Posted at 11:03 AM on May 15, 2006
by Don Lee
A friend was asking me the other day about European radio broadcasters, saying he’d observed distinct differences between them and us. During his travels in Europe, he said he’d noticed their news reports were longer. Classical music was more prevalent and the programming choices more serious. He wondered whether what he heard was evidence that European listeners are more sophisticated than we are.
“That’s not what European broadcasters think,” I told him. More than 25 years ago, wondering the same thing about our cultures, I raised a similar question with several German radio people. Their answer surprised me. They said they didn’t have many listeners for challenging music, serious documentaries or radio drama. They offered this programming because they felt it was important work to do and the government subsidized them to do it. Since that time, the rise of commercial broadcasting in Europe has reduced the audience for public radio culture even more.

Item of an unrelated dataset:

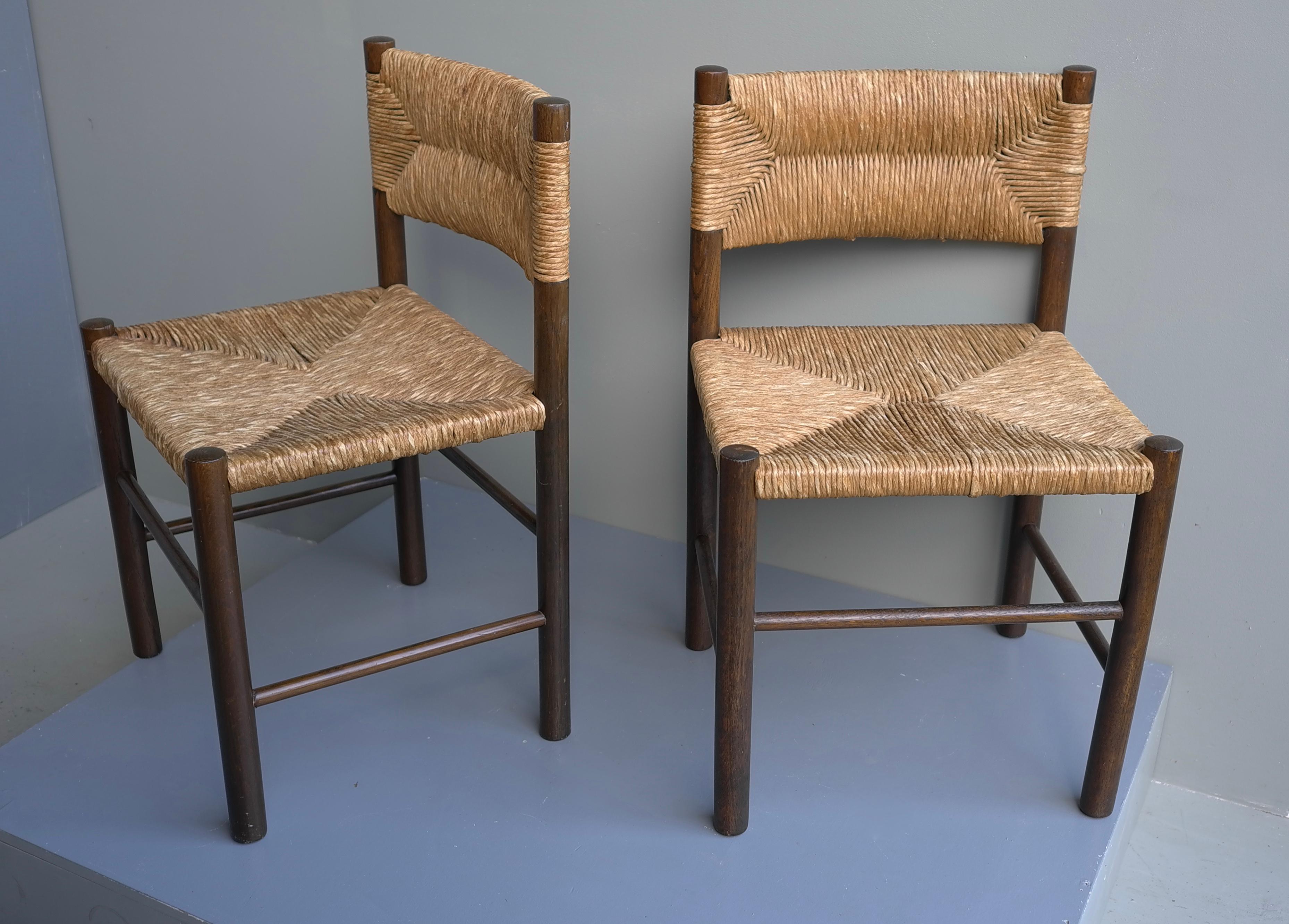Pair of Charlotte Perriand 'Dordogne' Chairs in Wood and Rush, France, 1960's 1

Saturday’s New York Times reports another development that suggests Europe's cultural roots may not run as deep as Americans might think: The Berlin Philharmonic has launched an ambitious new education program. When that organization in that city makes such a move, it lends a lot of symbolic weight to the notion that future classical audiences can't be taken for granted (even if you factor in the big grant the orchestra got for the project).
So. Europeans are not more culturally sophisticated than we are. Or are they?